When you reach the line containing "e il brindisi" in the entries below, start writing out each line exactly, and stop after the line containing "Coin, FRENCH COLONIES, 10".
Material shown START
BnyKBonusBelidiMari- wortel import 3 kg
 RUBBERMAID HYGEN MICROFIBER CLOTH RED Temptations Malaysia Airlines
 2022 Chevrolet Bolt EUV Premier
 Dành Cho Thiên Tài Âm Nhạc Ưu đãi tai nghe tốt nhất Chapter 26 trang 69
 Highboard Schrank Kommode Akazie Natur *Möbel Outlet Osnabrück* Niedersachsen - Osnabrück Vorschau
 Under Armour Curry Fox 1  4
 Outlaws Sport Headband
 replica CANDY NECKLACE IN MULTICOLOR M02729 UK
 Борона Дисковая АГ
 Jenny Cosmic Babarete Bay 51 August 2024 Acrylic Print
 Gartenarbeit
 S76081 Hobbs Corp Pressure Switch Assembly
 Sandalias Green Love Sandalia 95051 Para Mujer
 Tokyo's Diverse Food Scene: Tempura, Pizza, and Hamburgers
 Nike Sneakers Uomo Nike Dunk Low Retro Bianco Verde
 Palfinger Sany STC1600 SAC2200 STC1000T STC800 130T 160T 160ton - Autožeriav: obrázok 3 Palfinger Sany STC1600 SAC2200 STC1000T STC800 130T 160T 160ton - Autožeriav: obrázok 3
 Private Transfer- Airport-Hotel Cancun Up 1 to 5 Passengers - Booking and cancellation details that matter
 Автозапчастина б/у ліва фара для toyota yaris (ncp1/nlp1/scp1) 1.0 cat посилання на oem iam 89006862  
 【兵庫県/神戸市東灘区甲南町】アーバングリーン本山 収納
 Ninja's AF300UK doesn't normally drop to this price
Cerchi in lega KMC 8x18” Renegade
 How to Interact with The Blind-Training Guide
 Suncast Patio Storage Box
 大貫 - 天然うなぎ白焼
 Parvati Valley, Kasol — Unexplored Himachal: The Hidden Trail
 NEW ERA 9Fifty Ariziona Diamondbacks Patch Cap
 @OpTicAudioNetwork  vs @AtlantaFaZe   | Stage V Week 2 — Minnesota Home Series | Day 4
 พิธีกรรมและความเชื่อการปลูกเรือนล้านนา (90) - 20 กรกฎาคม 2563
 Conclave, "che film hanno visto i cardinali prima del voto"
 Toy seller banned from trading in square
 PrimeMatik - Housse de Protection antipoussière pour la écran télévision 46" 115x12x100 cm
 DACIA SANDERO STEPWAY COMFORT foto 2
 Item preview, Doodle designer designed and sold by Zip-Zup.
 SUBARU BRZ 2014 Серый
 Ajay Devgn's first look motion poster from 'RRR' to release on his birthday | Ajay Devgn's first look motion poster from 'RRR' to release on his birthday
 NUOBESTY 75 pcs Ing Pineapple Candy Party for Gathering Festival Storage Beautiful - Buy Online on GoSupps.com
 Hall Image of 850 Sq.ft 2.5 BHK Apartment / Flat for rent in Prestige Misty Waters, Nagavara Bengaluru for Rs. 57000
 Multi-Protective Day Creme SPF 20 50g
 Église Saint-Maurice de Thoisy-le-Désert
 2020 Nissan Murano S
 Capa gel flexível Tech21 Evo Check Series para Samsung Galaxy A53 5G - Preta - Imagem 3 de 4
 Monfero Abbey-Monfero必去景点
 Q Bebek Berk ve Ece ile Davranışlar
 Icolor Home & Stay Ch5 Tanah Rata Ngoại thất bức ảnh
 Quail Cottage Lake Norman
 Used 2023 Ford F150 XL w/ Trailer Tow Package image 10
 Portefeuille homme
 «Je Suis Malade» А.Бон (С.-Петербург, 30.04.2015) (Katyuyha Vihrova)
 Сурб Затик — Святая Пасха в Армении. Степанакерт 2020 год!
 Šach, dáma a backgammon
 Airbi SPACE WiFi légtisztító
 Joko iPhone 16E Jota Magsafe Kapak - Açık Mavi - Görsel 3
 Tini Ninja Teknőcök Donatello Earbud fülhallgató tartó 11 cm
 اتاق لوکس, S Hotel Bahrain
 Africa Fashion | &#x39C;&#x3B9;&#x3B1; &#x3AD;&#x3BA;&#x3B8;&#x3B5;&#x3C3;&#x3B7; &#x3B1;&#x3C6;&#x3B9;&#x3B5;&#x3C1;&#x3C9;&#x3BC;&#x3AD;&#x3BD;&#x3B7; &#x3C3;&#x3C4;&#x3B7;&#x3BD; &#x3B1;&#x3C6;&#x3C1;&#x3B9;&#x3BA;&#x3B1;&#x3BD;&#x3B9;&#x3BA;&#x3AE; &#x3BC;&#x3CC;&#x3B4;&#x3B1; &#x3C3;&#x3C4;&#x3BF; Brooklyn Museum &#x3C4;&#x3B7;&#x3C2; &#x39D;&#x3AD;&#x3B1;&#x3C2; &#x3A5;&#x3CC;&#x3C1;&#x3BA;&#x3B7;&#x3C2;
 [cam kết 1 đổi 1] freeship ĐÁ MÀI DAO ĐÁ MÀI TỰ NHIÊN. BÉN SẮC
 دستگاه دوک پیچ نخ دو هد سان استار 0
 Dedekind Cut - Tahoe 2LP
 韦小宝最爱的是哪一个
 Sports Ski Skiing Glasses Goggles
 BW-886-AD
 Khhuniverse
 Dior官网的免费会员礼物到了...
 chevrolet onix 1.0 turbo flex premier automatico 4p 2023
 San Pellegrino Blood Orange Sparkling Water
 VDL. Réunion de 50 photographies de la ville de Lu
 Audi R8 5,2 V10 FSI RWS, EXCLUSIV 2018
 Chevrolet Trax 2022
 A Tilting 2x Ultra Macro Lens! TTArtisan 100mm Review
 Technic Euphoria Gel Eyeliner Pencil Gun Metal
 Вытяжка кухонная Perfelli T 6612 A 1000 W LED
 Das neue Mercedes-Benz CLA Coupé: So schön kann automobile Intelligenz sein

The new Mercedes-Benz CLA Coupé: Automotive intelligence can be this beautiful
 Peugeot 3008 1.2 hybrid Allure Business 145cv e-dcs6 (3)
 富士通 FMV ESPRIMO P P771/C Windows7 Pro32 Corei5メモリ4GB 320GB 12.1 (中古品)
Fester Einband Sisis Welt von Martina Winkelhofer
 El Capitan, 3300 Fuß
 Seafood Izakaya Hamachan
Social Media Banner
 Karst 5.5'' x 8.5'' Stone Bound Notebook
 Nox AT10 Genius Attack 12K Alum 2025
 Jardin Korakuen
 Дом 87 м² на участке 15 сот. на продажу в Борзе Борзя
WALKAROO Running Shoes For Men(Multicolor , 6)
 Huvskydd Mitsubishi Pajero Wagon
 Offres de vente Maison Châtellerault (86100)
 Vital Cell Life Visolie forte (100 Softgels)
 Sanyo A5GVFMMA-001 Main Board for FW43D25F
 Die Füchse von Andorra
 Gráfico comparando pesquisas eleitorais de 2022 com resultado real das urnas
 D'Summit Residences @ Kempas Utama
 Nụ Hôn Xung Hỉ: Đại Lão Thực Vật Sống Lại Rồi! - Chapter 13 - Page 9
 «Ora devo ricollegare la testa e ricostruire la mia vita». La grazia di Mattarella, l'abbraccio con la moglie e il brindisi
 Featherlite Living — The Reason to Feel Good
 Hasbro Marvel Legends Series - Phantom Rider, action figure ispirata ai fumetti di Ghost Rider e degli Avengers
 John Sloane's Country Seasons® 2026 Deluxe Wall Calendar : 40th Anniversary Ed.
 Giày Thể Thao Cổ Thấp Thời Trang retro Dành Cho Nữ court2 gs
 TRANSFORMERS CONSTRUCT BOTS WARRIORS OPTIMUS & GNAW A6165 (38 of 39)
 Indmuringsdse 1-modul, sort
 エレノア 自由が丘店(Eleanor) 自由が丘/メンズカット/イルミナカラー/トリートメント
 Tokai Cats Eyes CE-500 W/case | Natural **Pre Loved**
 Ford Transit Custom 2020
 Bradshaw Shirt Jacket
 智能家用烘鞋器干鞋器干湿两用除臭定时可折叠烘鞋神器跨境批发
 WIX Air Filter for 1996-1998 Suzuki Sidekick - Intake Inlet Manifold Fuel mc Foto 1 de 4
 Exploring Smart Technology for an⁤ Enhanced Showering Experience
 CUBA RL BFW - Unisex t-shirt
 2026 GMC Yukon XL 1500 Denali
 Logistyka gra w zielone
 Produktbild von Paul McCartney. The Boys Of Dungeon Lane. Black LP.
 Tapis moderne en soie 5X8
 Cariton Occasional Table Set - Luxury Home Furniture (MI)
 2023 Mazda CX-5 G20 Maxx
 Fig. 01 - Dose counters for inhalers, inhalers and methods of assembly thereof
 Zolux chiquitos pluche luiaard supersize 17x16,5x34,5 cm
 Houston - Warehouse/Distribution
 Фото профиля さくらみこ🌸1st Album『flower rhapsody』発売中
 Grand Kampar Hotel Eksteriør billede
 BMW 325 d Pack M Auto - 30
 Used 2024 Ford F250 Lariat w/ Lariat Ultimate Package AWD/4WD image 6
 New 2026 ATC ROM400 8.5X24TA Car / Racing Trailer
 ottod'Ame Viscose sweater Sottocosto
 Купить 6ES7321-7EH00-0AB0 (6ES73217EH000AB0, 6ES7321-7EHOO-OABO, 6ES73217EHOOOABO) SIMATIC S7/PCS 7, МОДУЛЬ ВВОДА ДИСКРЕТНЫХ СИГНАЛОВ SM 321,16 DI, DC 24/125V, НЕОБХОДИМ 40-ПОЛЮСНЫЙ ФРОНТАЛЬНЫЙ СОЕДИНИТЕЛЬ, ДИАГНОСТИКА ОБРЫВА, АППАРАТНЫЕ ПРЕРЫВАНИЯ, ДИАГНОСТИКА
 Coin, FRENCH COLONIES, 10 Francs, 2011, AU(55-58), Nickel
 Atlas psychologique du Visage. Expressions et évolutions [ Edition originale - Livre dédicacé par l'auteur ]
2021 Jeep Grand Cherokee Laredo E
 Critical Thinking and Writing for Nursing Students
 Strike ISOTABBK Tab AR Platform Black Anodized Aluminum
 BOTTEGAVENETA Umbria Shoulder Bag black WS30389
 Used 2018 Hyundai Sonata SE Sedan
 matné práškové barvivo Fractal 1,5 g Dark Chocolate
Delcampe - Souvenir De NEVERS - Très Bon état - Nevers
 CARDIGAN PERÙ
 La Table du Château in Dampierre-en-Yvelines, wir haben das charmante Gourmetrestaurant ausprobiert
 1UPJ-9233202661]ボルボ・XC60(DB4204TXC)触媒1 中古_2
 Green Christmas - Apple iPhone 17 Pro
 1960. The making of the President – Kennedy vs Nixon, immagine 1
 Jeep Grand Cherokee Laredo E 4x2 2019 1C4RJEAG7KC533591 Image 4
Material shown END
▸ Written reply:
 «Ora devo ricollegare la testa e ricostruire la mia vita». La grazia di Mattarella, l'abbraccio con la moglie e il brindisi
 Featherlite Living — The Reason to Feel Good
 Hasbro Marvel Legends Series - Phantom Rider, action figure ispirata ai fumetti di Ghost Rider e degli Avengers
 John Sloane's Country Seasons® 2026 Deluxe Wall Calendar : 40th Anniversary Ed.
 Giày Thể Thao Cổ Thấp Thời Trang retro Dành Cho Nữ court2 gs
 TRANSFORMERS CONSTRUCT BOTS WARRIORS OPTIMUS & GNAW A6165 (38 of 39)
 Indmuringsdse 1-modul, sort
 エレノア 自由が丘店(Eleanor) 自由が丘/メンズカット/イルミナカラー/トリートメント
 Tokai Cats Eyes CE-500 W/case | Natural **Pre Loved**
 Ford Transit Custom 2020
 Bradshaw Shirt Jacket
 智能家用烘鞋器干鞋器干湿两用除臭定时可折叠烘鞋神器跨境批发
 WIX Air Filter for 1996-1998 Suzuki Sidekick - Intake Inlet Manifold Fuel mc Foto 1 de 4
 Exploring Smart Technology for an⁤ Enhanced Showering Experience
 CUBA RL BFW - Unisex t-shirt
 2026 GMC Yukon XL 1500 Denali
 Logistyka gra w zielone
 Produktbild von Paul McCartney. The Boys Of Dungeon Lane. Black LP.
 Tapis moderne en soie 5X8
 Cariton Occasional Table Set - Luxury Home Furniture (MI)
 2023 Mazda CX-5 G20 Maxx
 Fig. 01 - Dose counters for inhalers, inhalers and methods of assembly thereof
 Zolux chiquitos pluche luiaard supersize 17x16,5x34,5 cm
 Houston - Warehouse/Distribution
 Фото профиля さくらみこ🌸1st Album『flower rhapsody』発売中
 Grand Kampar Hotel Eksteriør billede
 BMW 325 d Pack M Auto - 30
 Used 2024 Ford F250 Lariat w/ Lariat Ultimate Package AWD/4WD image 6
 New 2026 ATC ROM400 8.5X24TA Car / Racing Trailer
 ottod'Ame Viscose sweater Sottocosto
 Купить 6ES7321-7EH00-0AB0 (6ES73217EH000AB0, 6ES7321-7EHOO-OABO, 6ES73217EHOOOABO) SIMATIC S7/PCS 7, МОДУЛЬ ВВОДА ДИСКРЕТНЫХ СИГНАЛОВ SM 321,16 DI, DC 24/125V, НЕОБХОДИМ 40-ПОЛЮСНЫЙ ФРОНТАЛЬНЫЙ СОЕДИНИТЕЛЬ, ДИАГНОСТИКА ОБРЫВА, АППАРАТНЫЕ ПРЕРЫВАНИЯ, ДИАГНОСТИКА
 Coin, FRENCH COLONIES, 10 Francs, 2011, AU(55-58), Nickel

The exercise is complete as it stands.